I have at least 10 (4 per pack)packs of what your looking for.Stop on in, I'll be here all day..............Mark


----------



## falbinki (Dec 20, 2008)

since i have started useing st croix. legend spring bobber rods i won't fish without them anymore. they are in my opinion the best rods on the market right now. although i am hearing alot of good things about the jason mitchell rods, but i have not had the chance to use one yet. as far as the legend rods go they are a little pricy but worth every penny you pay for them. my catch rates have gone up tremendously since i started useing them. the only thing that i will tell you is that if you are going to buy one i highly recomend getting a medium blank and just change the springs out for smaller or bigger jigs depending on what you are fishing. the first one i bought was the ultra lite and the rod did not have enogh backbone and i lost a bunch of fish with it so i went with a heavier rod and ultra lite spring and WOW what a differance. and it does'nt make a differance how stiff the rod is or how rigid the tip is since all your hits are seen through the spring.


----------



## fish master (Dec 24, 2005)

i just take the spring out of an old pen strech it out and tape it to the tip of the pole works wonders compaired to not havin:B g one... just for thought......


----------



## outdoorzman (Dec 18, 2005)

I mainly use the tightline method with a vexilar.

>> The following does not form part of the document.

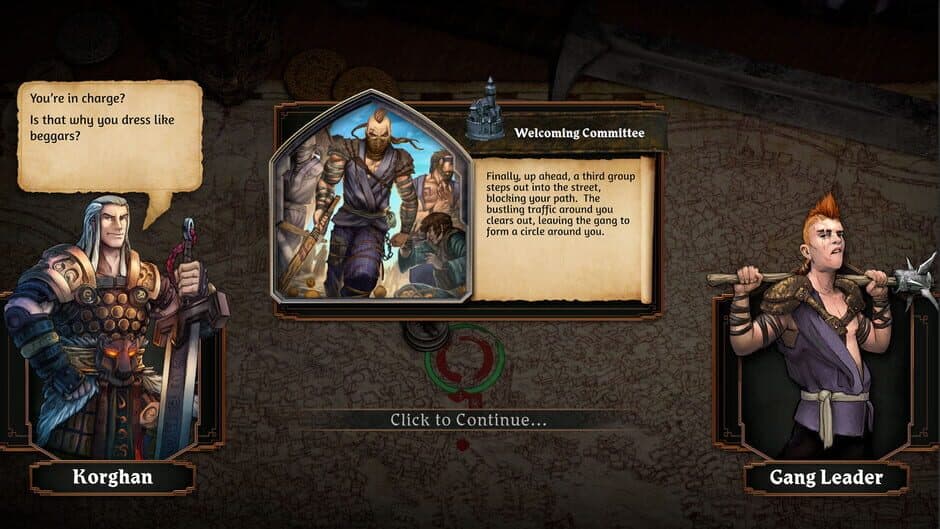 Spelldrifter screenshot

Sometimes if I am using two rods I will set up a schooly with a spring bobber and tightline with the other to see what they perfer. Using the vex it is much easier for me to just use the tightline method and not mess with a bobber at all.


----------



## icefisherman4life (Aug 5, 2007)

i mainly use bobbers. but in deeper water i tightline. im gonna try spring bobbers this year.


----------



## Big Daddy (Apr 6, 2004)

I tight line, use bobbers, and slip bobbers... Just depends on what I'm going for and where... My favorite way to fish is tight line with a Vex...


----------



## Blue Pike (Apr 24, 2004)

Pan Fishing, in the shanty. I usually have a dead stick with a spring bobber and a jigging rod in my hands.


----------



## peple of the perch (Sep 13, 2004)

Has anyone tried to make their own spring bobber out of guitar or piano string? I have made a couple and they are pretty nice. there is acouple of posts about them on iceshanty too!


----------